Re: New issue: scripting and metadata

At 03:55 PM 10/26/2005 +0100, Jeremy Carroll wrote:
>In HTML it is normal for any ECMAscript to modify the DOM. What is displayed is the modified DOM rather than the original DOM.
>
>For RDF/A, the reading of the metadata from the unmodified DOM perhaps should be primary. e.g. a naive RDF based implementation of RDF/A would ignore everything except the RDF/A and suck out the triples. This would not work if the metadata was in fact computed by the ECMAscript and then added to the DOM using RDF/A.

yes, good catch.

It would be untenable to require RDF engines to implement
scripting languages in order to retrieve the triples from an
X{,HT}ML document.  (1)

We also don't want to open a new form of mischievous behavior
where one RDF graph is given by the unprocessed content of a
document and a different RDF graph is given after script
processing.  (Which CC license is the documents real license?).
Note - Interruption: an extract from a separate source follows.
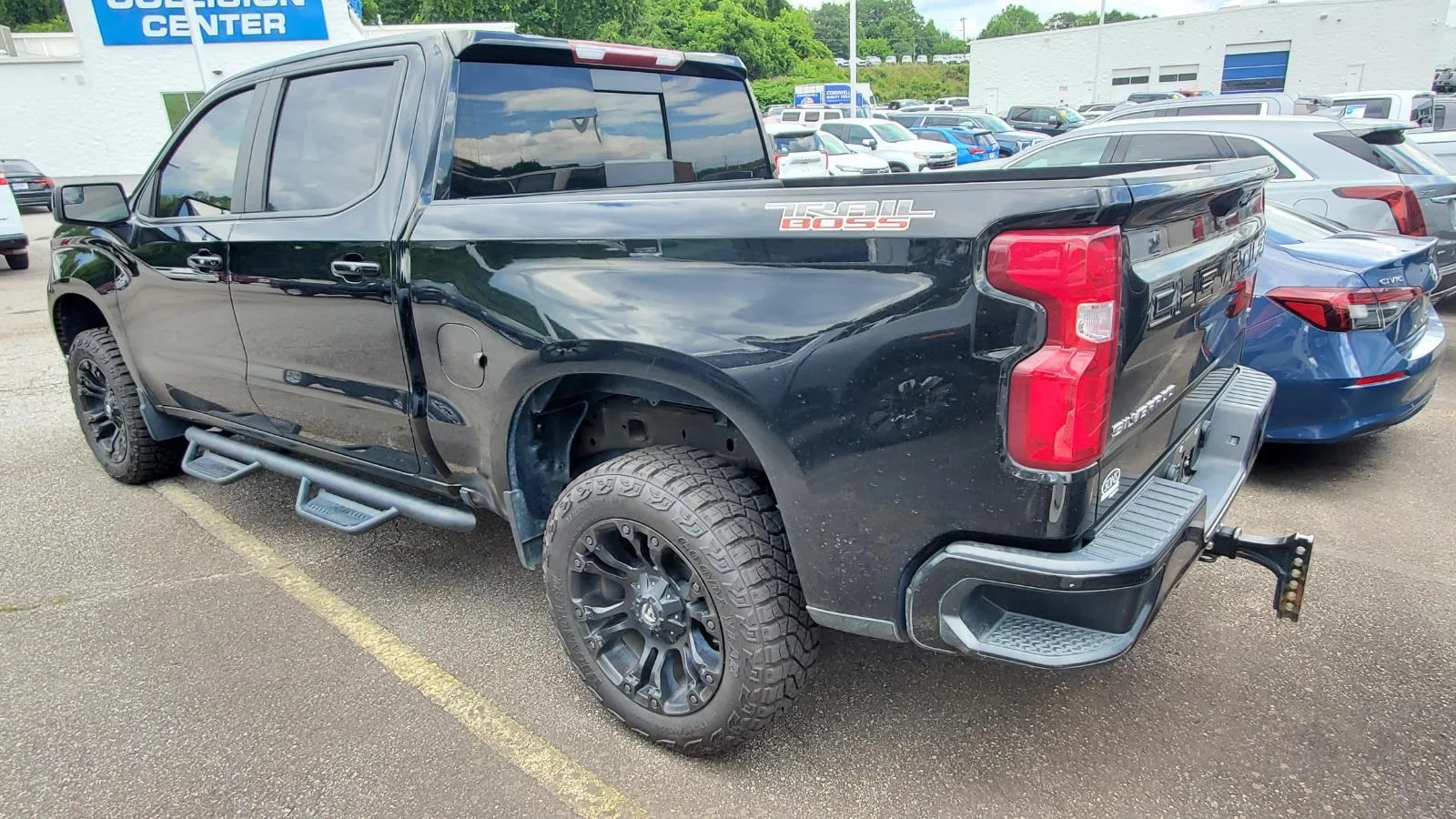Used 2022 Black Chevrolet LT Trail Boss image 8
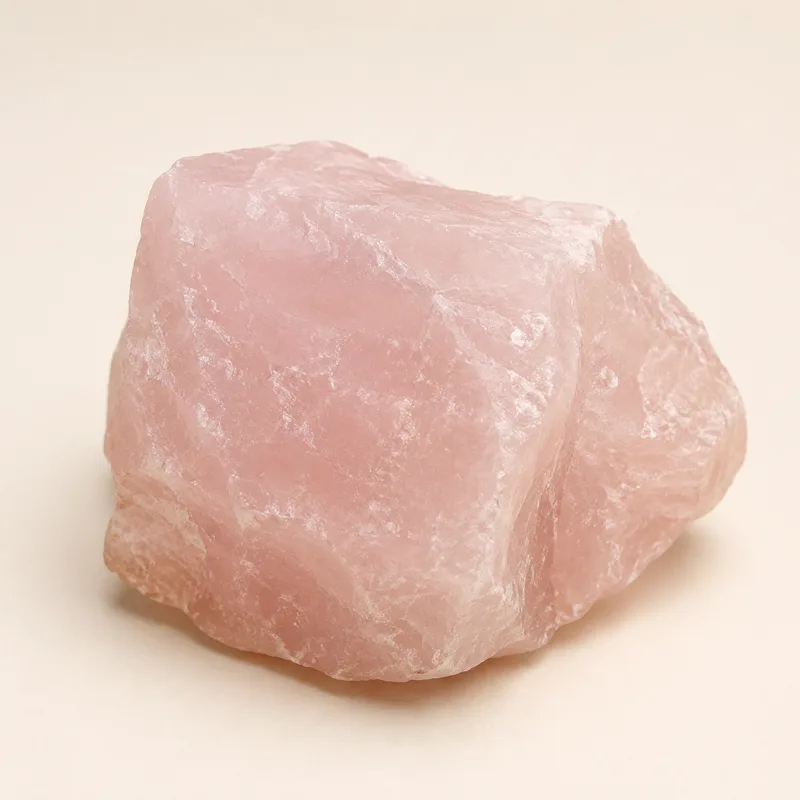 Pembe Kuvars ham taş görünümü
I believe we need to specify that the triples are those that are
given by the XML _before_ script (and stylesheet) processing.



(1) A requirement to support, e.g. ECMAscript is distinguished
from the scenario proposed by GRDDL [2] where support of
transformation languages is optional.  In the GRDDL case,
since a transform is named unambiguously by a URI, a
[RDF/GRDDL] processor can implement well-known transforms
in whatever way it chooses; it need not actually dereference the
transform URI unless it wishes to do so.